Currently be, or will be, doing business as an employer in the United States and in at least one other country directly or through a qualifying organization for the duration of the beneficiary’s stay in the United States as an L-1.  While the business must be viable, there is no requirement that it be engaged in international trade.

Doing business means the regular, systematic, and continuous provision of goods and/or services by a qualifying organization and does not include the mere presence of an agent or office of the qualifying organization in the United States and abroad.

To qualify, the named employee must also:

Generally have been working for a qualifying organization abroad for one continuous year within the three years immediately preceding his or her admission to the United States; and

Be seeking to enter the United States to provide services in a specialized knowledge capacity to a branch of the same employer or one of its qualifying organizations.
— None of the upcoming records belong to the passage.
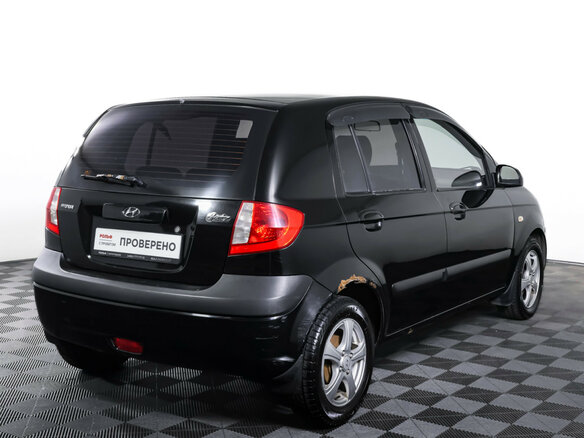 2008 Hyundai Getz I Рестайлинг, чёрный - вид 4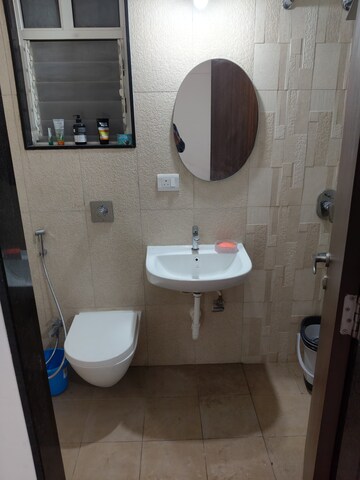 Bathroom in 1 BHK Apartment at Kharghar Sector 13 – for Rent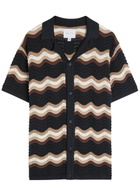Raith Primavera Wavy Crochet Cotton Shirt Black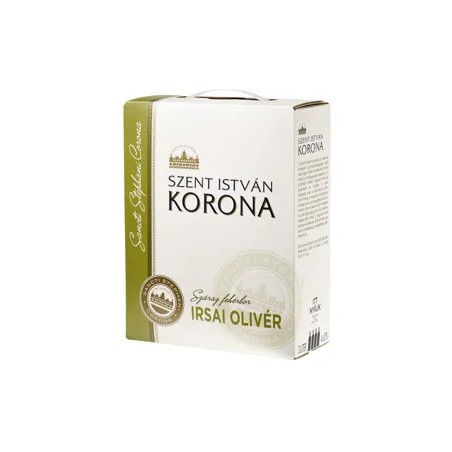 Szent István Korona Irsai Olivér 3 literes bag in box sz.f.bor 3l BIB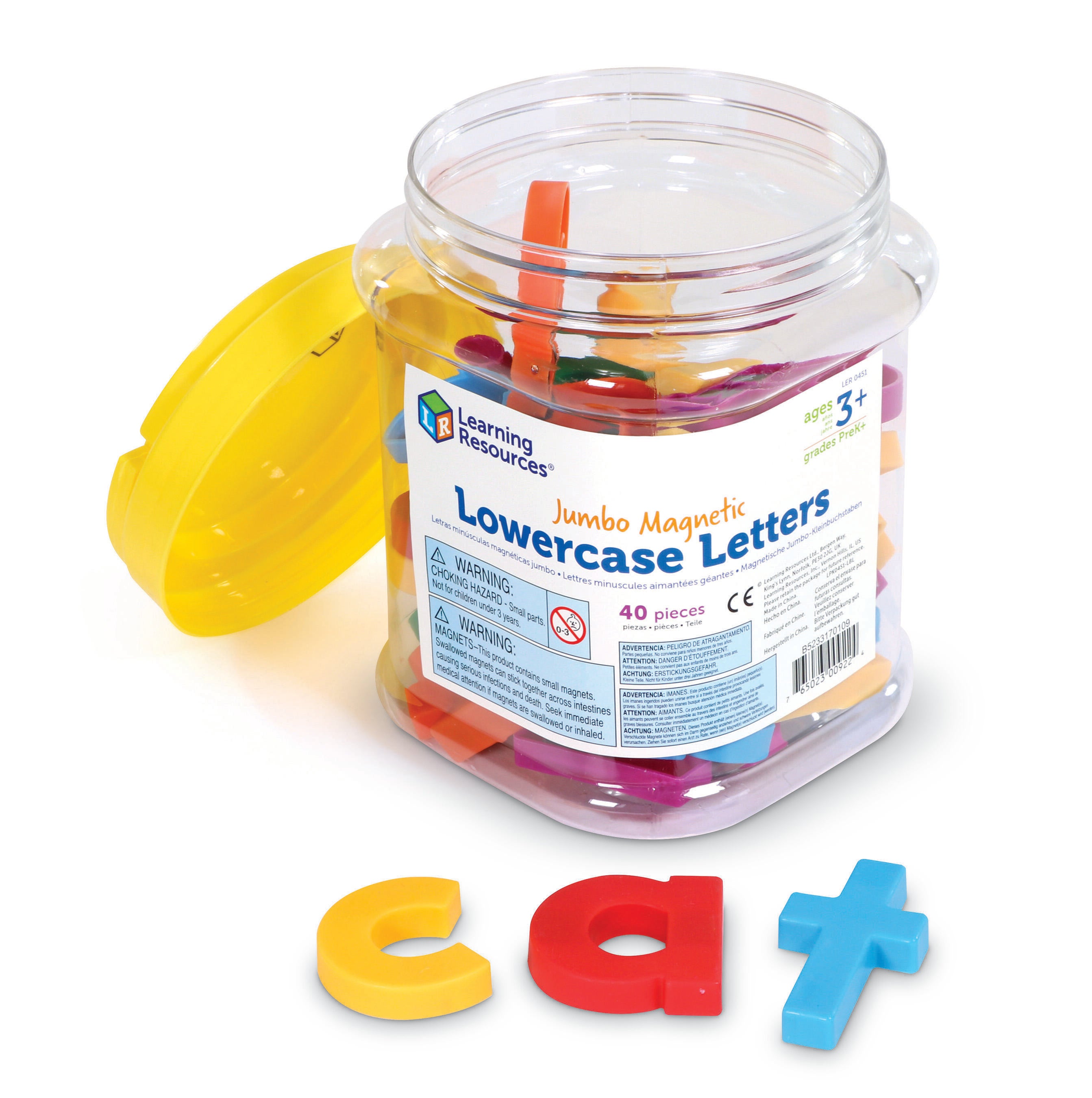 Learning Resources Jumbo Lowercase Magnetic Letters, Set of 40 516107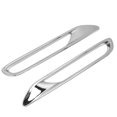 thumbnail image 2 of 2Pcs/Set Rear Fog Lamp Eyebrow Frame Cover Trim Silver Electroplating Replacement for Nissan Qashqai J11 2018‑2020, 2 of 6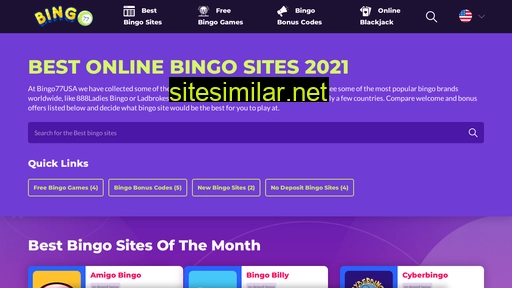 bingo77usa.com alternative sites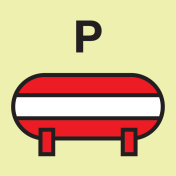 IMO Sign Fixed Powder Extinguishing Installation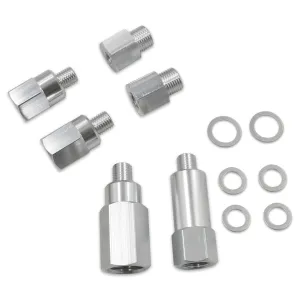 6Pcs Master Adapter Set Engine Oil Pressure & Coolant Sensor Gauge 1/8 3/8 1/2 NPT for All LS SBC BBC Engines Swap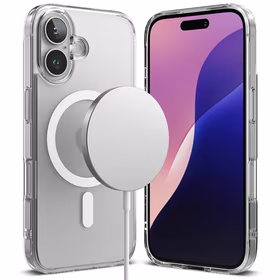 Ringke Fusion Magnētiskais viedtālruņa apvalks iPhone 16 - matēti caurspīdīgs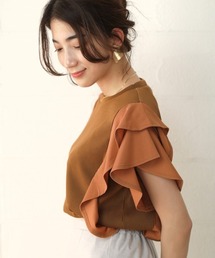 【WEB限定】リップルデザイントップス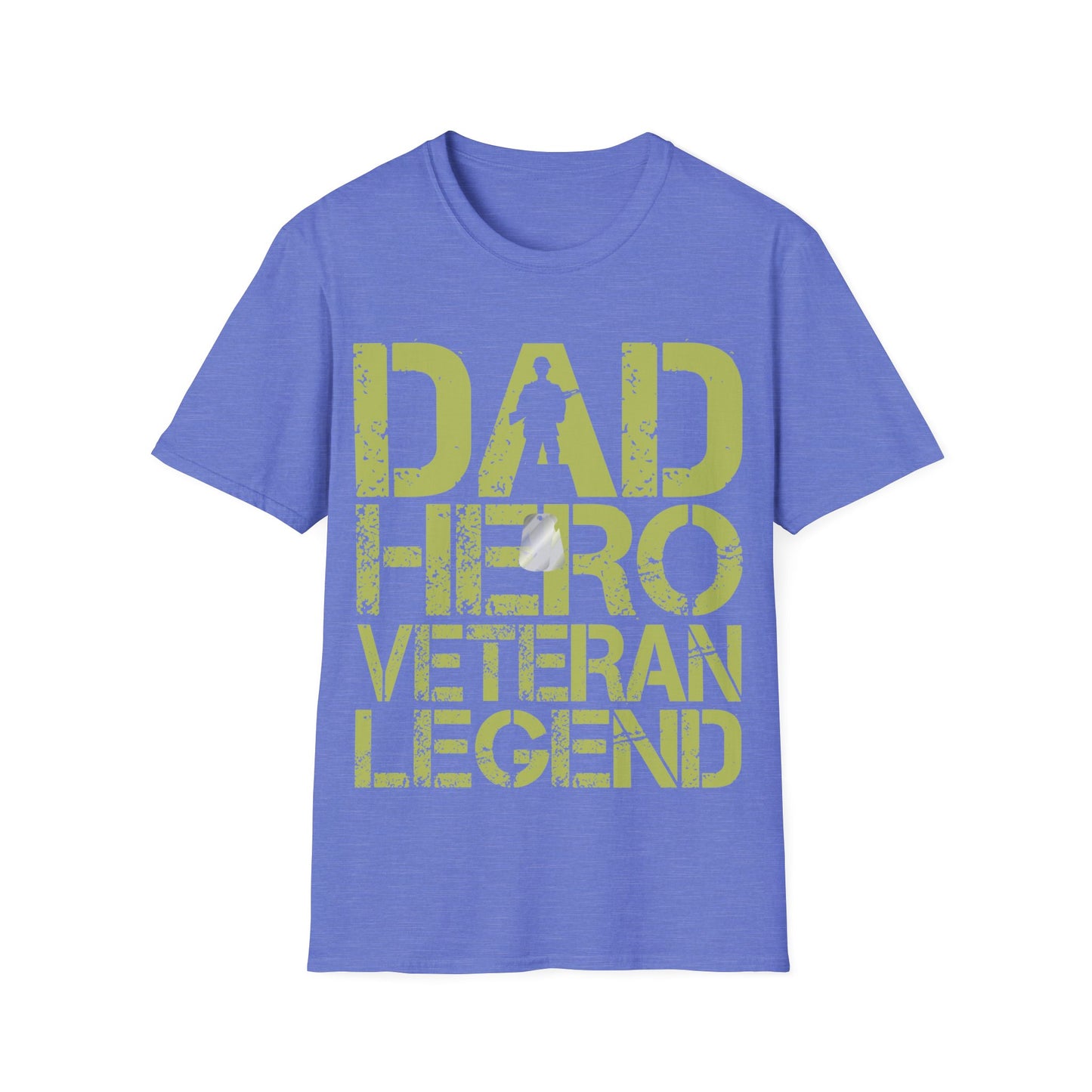 Dad Hero Veteran Legend - Unisex Softstyle T-Shirt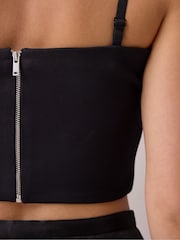 Ro&Zo Black Ponte Detachable Strap Top - Image 4 of 4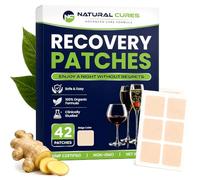 Natural Cures Party Patch 42-Pack - Wake Up Refreshed, Energized and Nail-Free with Our 100% Natural Enhanced Morning Formula Patch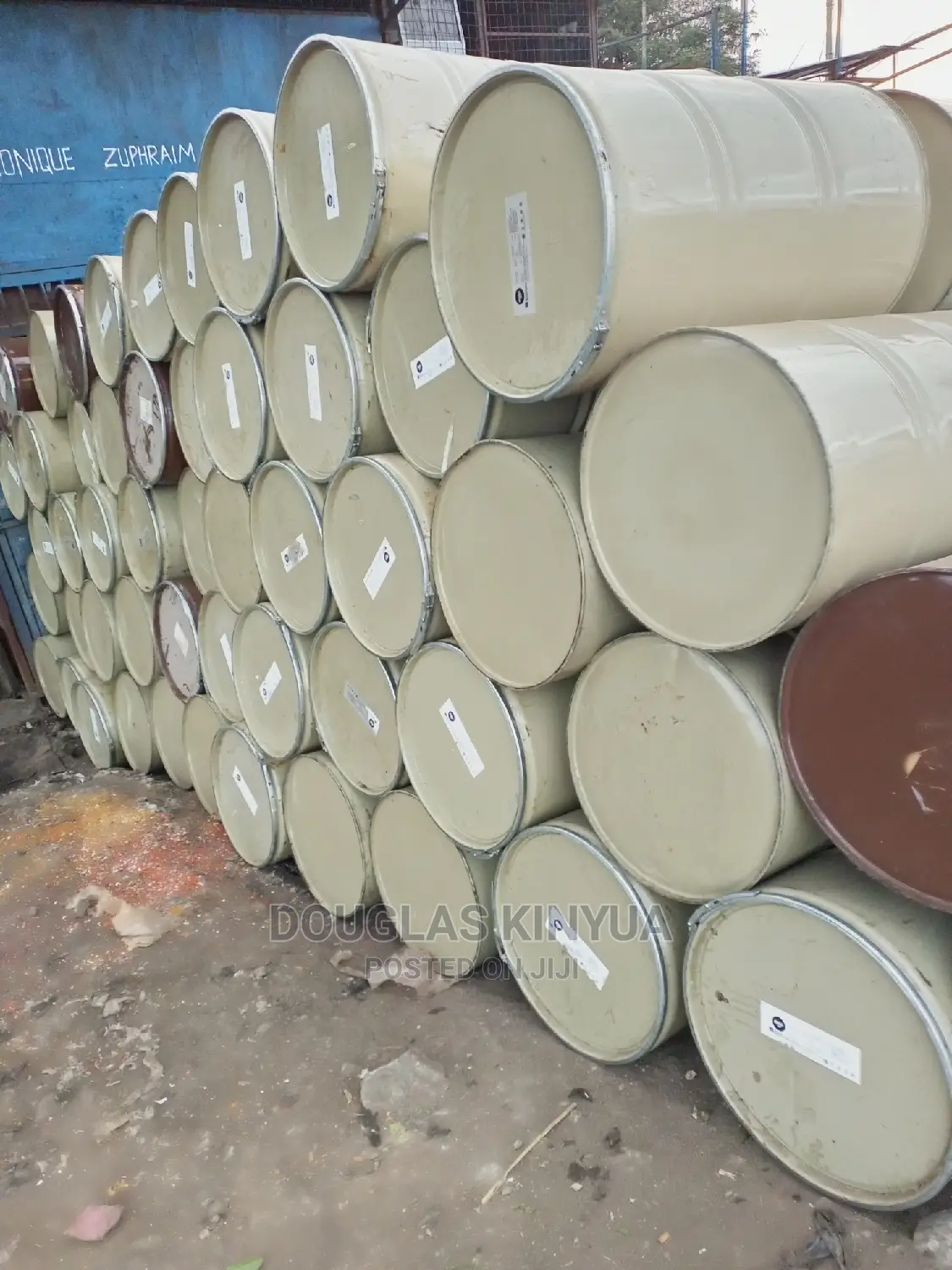 Metallic Water Drum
Specialized knowledge means either special knowledge possessed by an individual of the petitioning organization’s product, service, research, equipment, techniques, management, or other interests and its application in international markets, or an advanced level of knowledge or expertise in the organization’s processes and procedures (See 8 CFR 214.2(l)(1)(ii)(D)).

L-1 Visa Reform Act of 2004

The L-1 Visa Reform Act of 2004 applies to all petitions filed on or after June 6, 2005, and is directed particularly to those filed on behalf of L-1B employees who will be stationed primarily at the worksite of an of an employer other than the petitioning employer or its affiliate, subsidiary, or parent.  In order for the employee to qualify for L-1B classification in this situation, the petitioning employer must show that:

The employee will not be principally controlled or supervised by such an unaffiliated employer; and

The work being provided by the employee is not considered to be labor for hire by such an unaffiliated employer.

Spouses of L-1 visa holders are allowed to work without restriction in the US (using an L-2 visa) once EAD is granted, and the L-1 visa may legally be used as a stepping stone to a green card under the doctrine of dual intent.